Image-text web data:
----
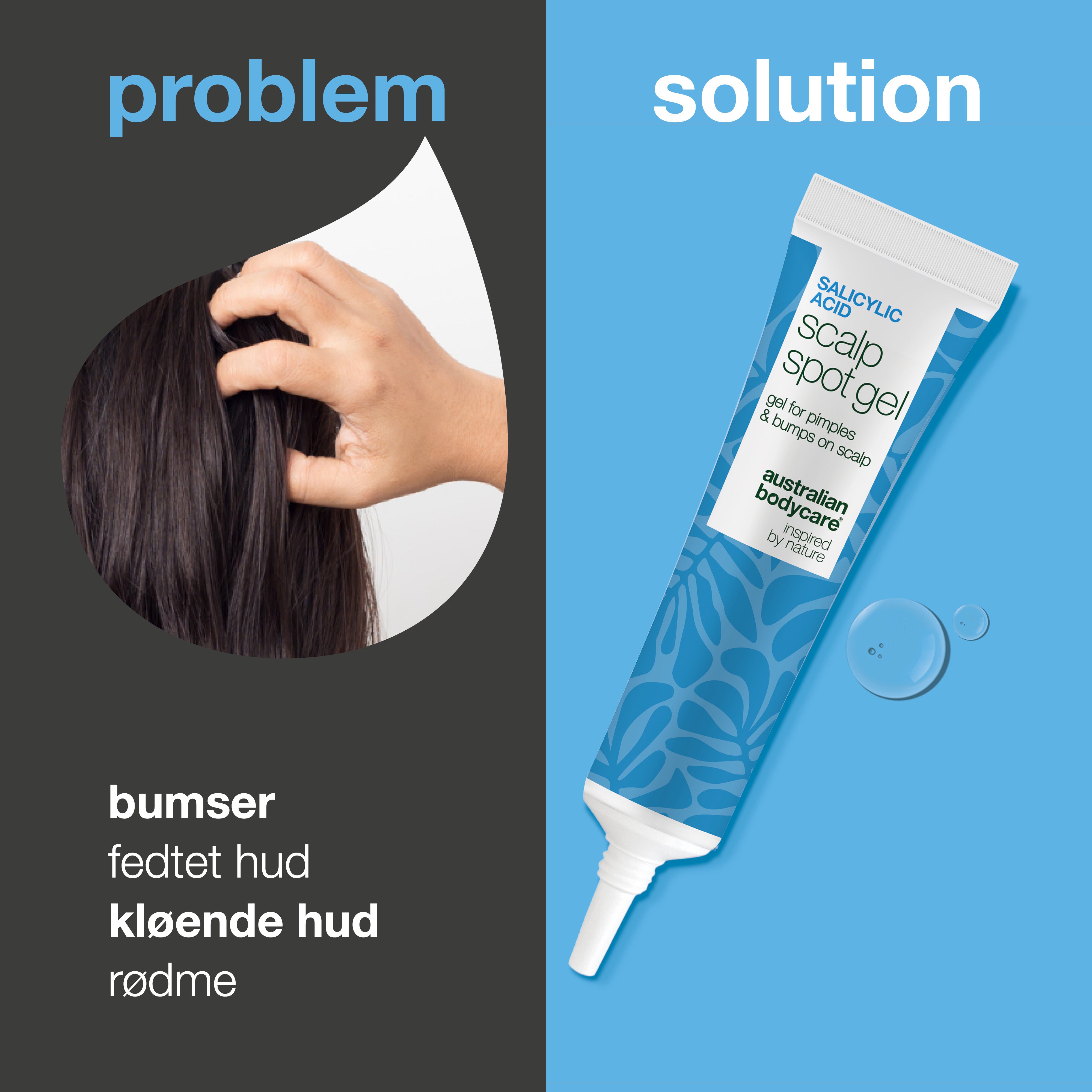 Salicylsyre Gel mod bumser og kløe i hovedbunden — Døjer du med bumser i hovedbunden? Gelen eksfolierer porerne, mindsker olie og beroliger rødme og kløe effektivt.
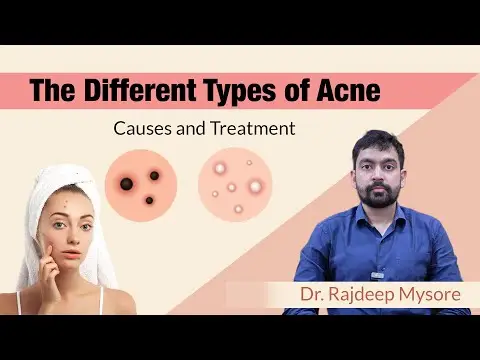 Types of Facial Acne : Causes, Prevention & Treatment - Dr. Rajdeep Mysore | Charma Clinic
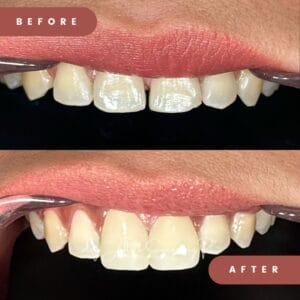 Ingin Gigi Putih Permanen? Ini Kelebihan & Kekurangan Bleaching dan Veneer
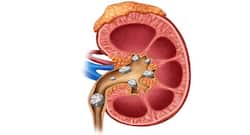 Know these ways to dissolve kidney stones naturally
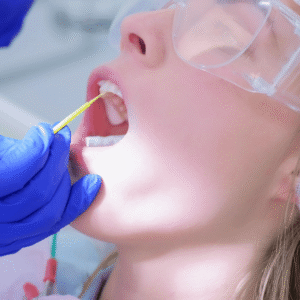 Topical Fluoride - Maple Dental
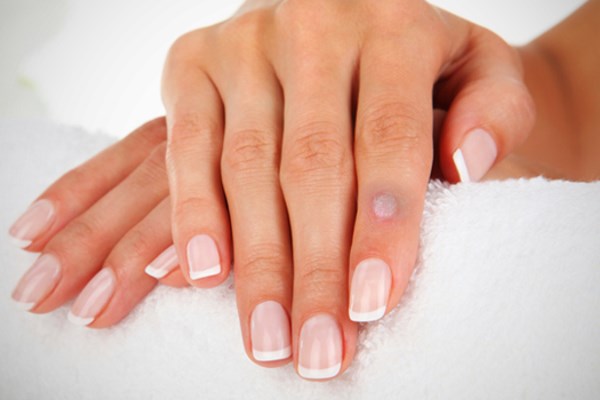 Опасность бородавок кроется не столько в косметической проблеме кожи, сколько в возможности возникновения вируса папилломы человека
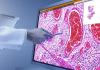 Photo for Digital Pathology Market Report | Industry Size and Leading Key Players - Leica Biosystems Nussloch GMBH, Ventana Medical Systems, Inc., Hamamatsu Photonics K.K.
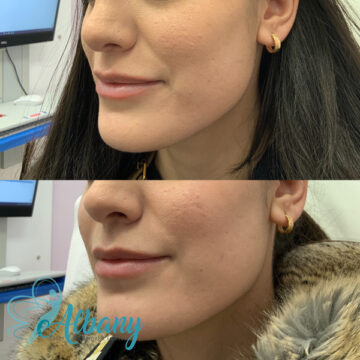 Botx lip injection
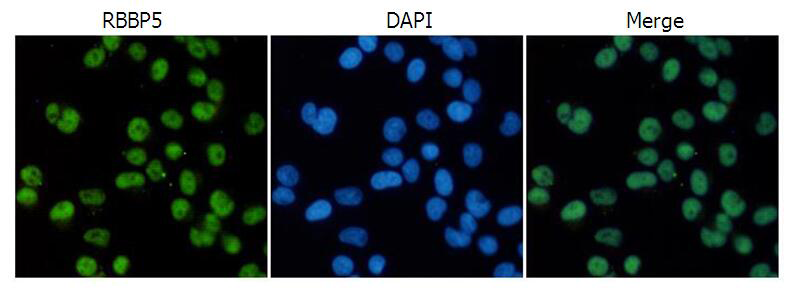 小鼠抗RBBP5单克隆抗体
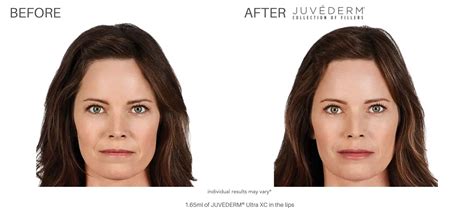 Juvéderm Before And After Real Patient Results Newport News Va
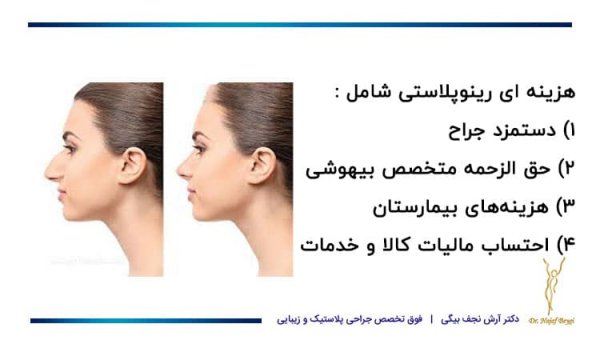  هزینه جراحی بینی چقدر است؟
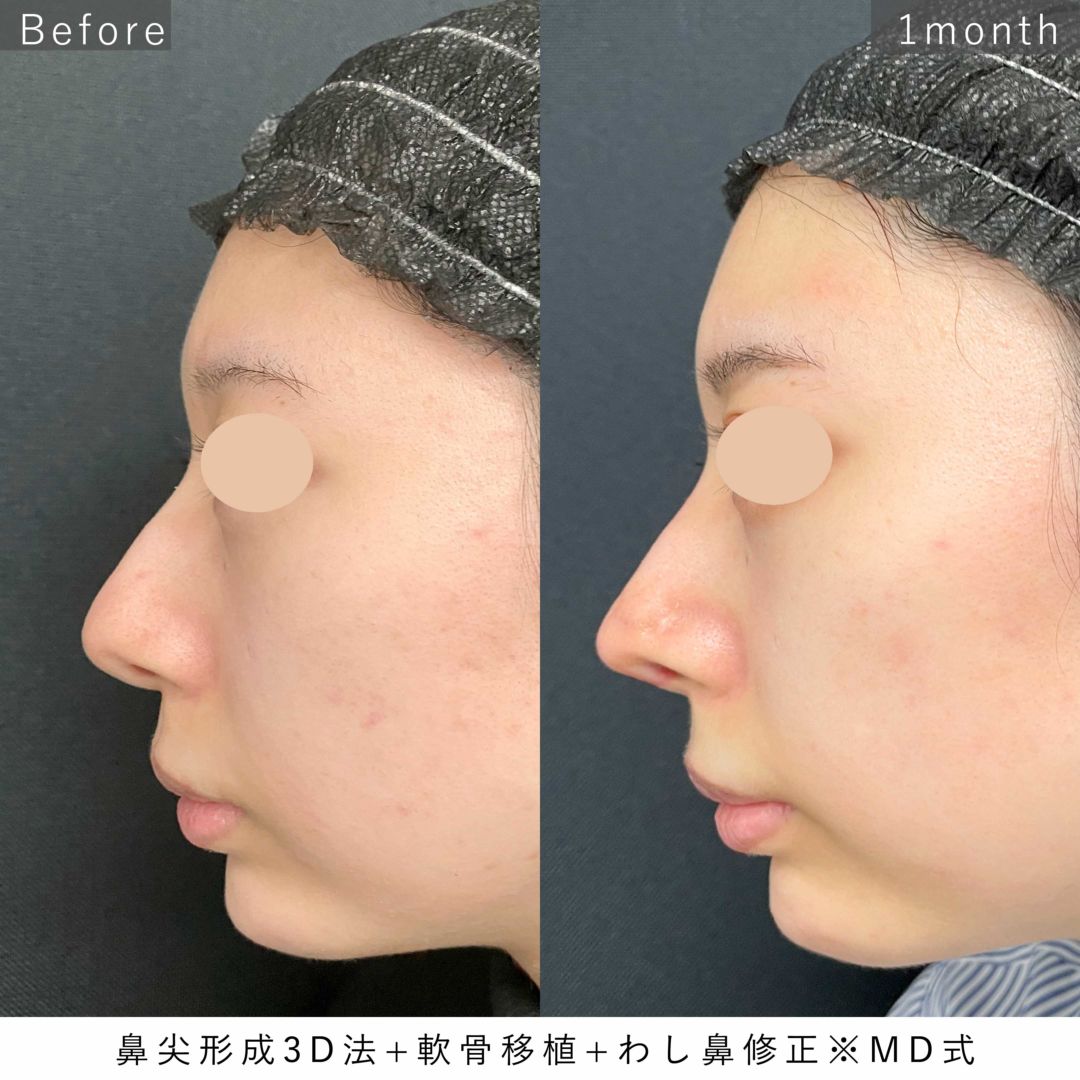 鼻尖形成と軟骨移植とわし鼻修正の手術前と1ヶ月後の症例写真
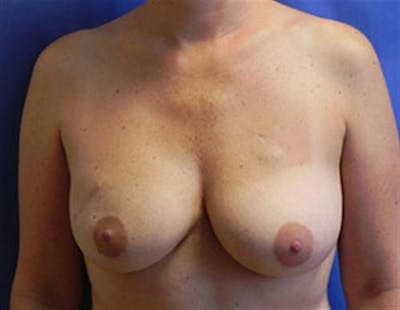 Implant Reconstruction Before & After Gallery - Patient 386576 - Image 1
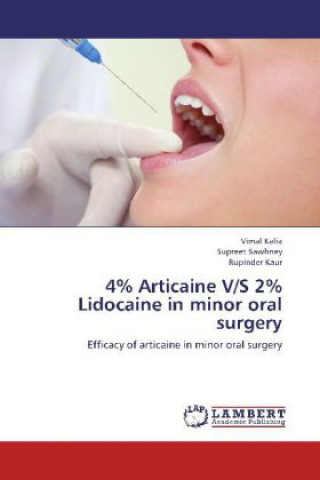 Knjiga 4% Articaine V/S 2% Lidocaine in minor oral surgery Vimal Kalia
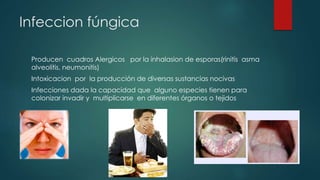 Infeccion fúngica
Producen cuadros Alergicos por la inhalasion de esporas(rinitis asma
alveolitis, neumonitis)
Intoxicacion por la producción de diversas sustancias nocivas
Infecciones dada la capacidad que alguno especies tienen para
colonizar invadir y multiplicarse en diferentes órganos o tejidos
 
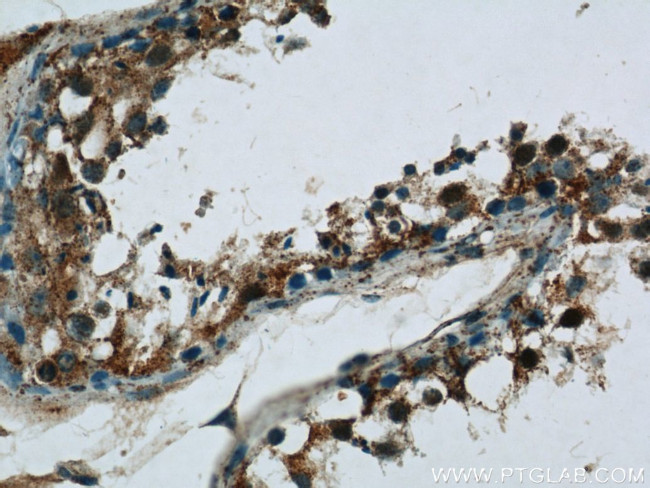 CDC45L Antibody in Immunohistochemistry (Paraffin) (IHC (P))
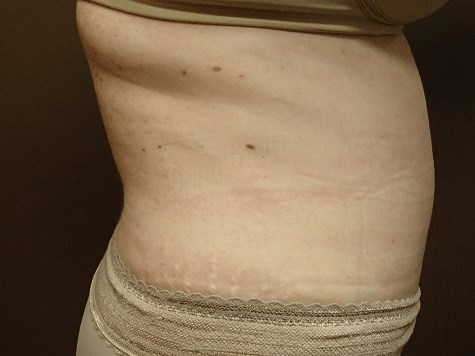Abdominoplasty and Liposuction After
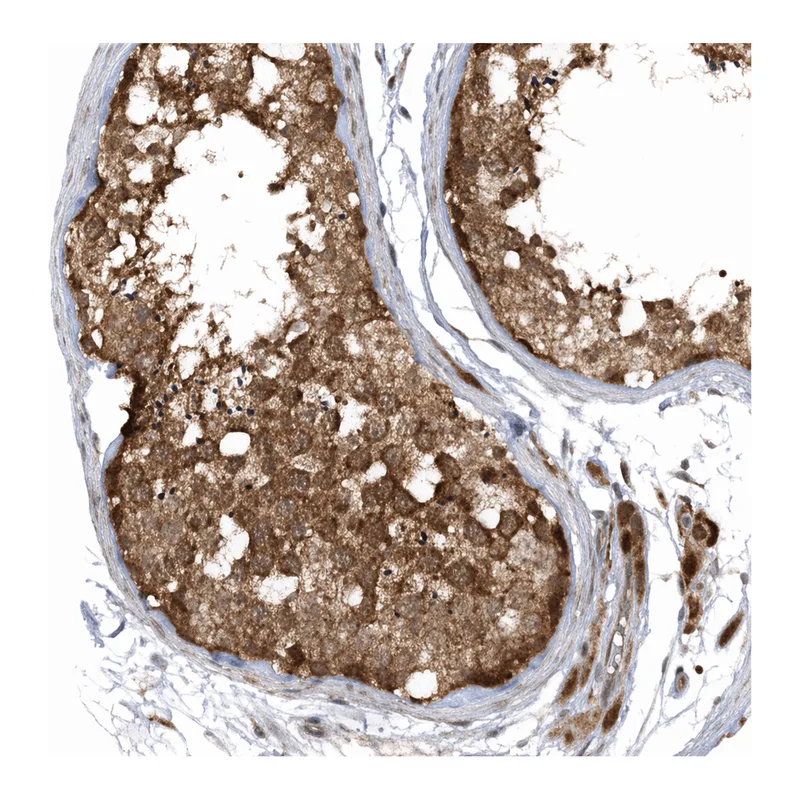 Atlas Antibodies Anti-MMADHC Antibody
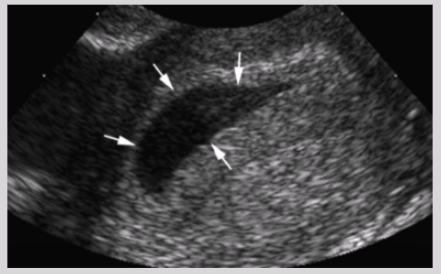<ul><li><p><span style="background-color: transparent;">Pseudogestational sacs</span></p></li><li><p><span style="background-color: transparent;">Corpus luteum cyst vs. adnexal ectopic both have ring of fire appearance</span></p><ul><li><p><span style="background-color: transparent;">Corpus luteum cyst - more hypoechoic</span></p></li><li><p><span style="background-color: transparent;">Adnexal ectopic - echogenic decidual donut</span></p></li></ul></li></ul><p></p>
----
- Aim of the exercise -
Without carrying over any picture, write out the entries above once more, exactly.

- Result -
 Salicylsyre Gel mod bumser og kløe i hovedbunden — Døjer du med bumser i hovedbunden? Gelen eksfolierer porerne, mindsker olie og beroliger rødme og kløe effektivt.
 Types of Facial Acne : Causes, Prevention & Treatment - Dr. Rajdeep Mysore | Charma Clinic
 Ingin Gigi Putih Permanen? Ini Kelebihan & Kekurangan Bleaching dan Veneer
 Know these ways to dissolve kidney stones naturally
 Topical Fluoride - Maple Dental
 Опасность бородавок кроется не столько в косметической проблеме кожи, сколько в возможности возникновения вируса папилломы человека
 Photo for Digital Pathology Market Report | Industry Size and Leading Key Players - Leica Biosystems Nussloch GMBH, Ventana Medical Systems, Inc., Hamamatsu Photonics K.K.
 Botx lip injection
 小鼠抗RBBP5单克隆抗体
 Juvéderm Before And After Real Patient Results Newport News Va
  هزینه جراحی بینی چقدر است؟
 鼻尖形成と軟骨移植とわし鼻修正の手術前と1ヶ月後の症例写真
 Implant Reconstruction Before & After Gallery - Patient 386576 - Image 1
 Knjiga 4% Articaine V/S 2% Lidocaine in minor oral surgery Vimal Kalia
 Infeccion fúngica
Producen cuadros Alergicos por la inhalasion de esporas(rinitis asma
alveolitis, neumonitis)
Intoxicacion por la producción de diversas sustancias nocivas
Infecciones dada la capacidad que alguno especies tienen para
colonizar invadir y multiplicarse en diferentes órganos o tejidos
 
 CDC45L Antibody in Immunohistochemistry (Paraffin) (IHC (P))
Abdominoplasty and Liposuction After
 Atlas Antibodies Anti-MMADHC Antibody
<ul><li><p><span style="background-color: transparent;">Pseudogestational sacs</span></p></li><li><p><span style="background-color: transparent;">Corpus luteum cyst vs. adnexal ectopic both have ring of fire appearance</span></p><ul><li><p><span style="background-color: transparent;">Corpus luteum cyst - more hypoechoic</span></p></li><li><p><span style="background-color: transparent;">Adnexal ectopic - echogenic decidual donut</span></p></li></ul></li></ul><p></p>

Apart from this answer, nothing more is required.